= Caste discrimination in the United States =

Inherited discrimination

Caste discrimination in the United States is a form of discrimination based on the social hierarchy which is determined by a person's birth. Though the use of the term caste is more prevalent in South Asia and Bali, in the United States, South Asian Americans also use the term caste.

Caste is not officially recognized by law in the United States, except in Seattle, Washington. On February 21, 2023, Seattle became the first U.S. jurisdiction to add caste to its list of categories protected against discrimination. In other places such as California, caste is implicitly covered as a subset of other categories under anti-discrimination laws.

==Overview==

===History of caste in the United States===
The U.S. Naturalization Act of 1790 limited citizenship to "free white persons," forcing immigrants to determine their racial classification in federal courts. In 1910, the Asiatic Exclusion League argued that people of Asian origin should be denied citizenship through naturalization. The league described Hindu ancestry as "enslaved, effeminate, caste-ridden, and degraded" and Hindus as the "slaves of Creation."

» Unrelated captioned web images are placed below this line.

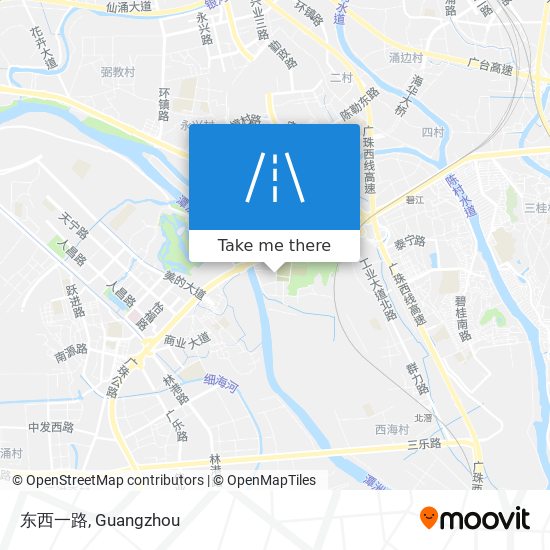 东西一路 map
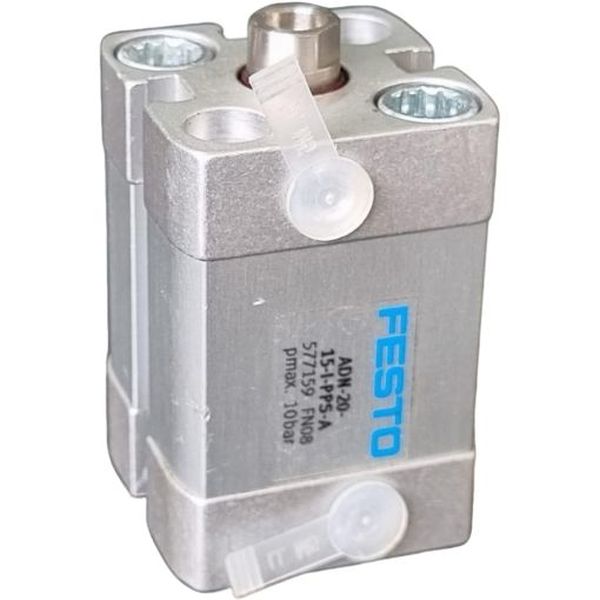 cilindro compacto, dupla ação, ISO21287, diâmetro 20mm, curso 15mm, rosca interna, amortecimento pneumático autoajustável, detecção de posição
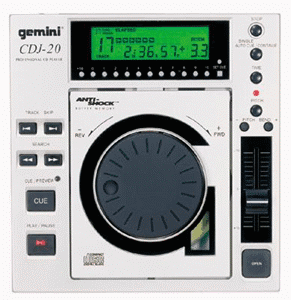 Gemini CDJ-20 Top Loading CD Player w/ Anti-shock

In 1913, A. K. Mozumdar, an immigrant from Bengal living in Washington State, applied for United States citizenship. Mozumdar argued that as a high-caste Hindu of what he described as Aryan descent, he shared racial origins with Europeans. His application was accepted, making him one of the earliest South Asian immigrants to obtain U.S. citizenship.

In 1953, W. Norman Brown, founder of the Department of South Asian Studies at the University of Pennsylvania, wrote that "a large number of Americans...have a picture of India as a land of meditating omphalopsychites, hypnotic swamis, naked ascetics, bejewelled princes of fabulous wealth and incomparable harems, gross superstition, bare-skinned, poverty-stricken, famine-ridden masses, where everyone is a beggar and caste is more important than life."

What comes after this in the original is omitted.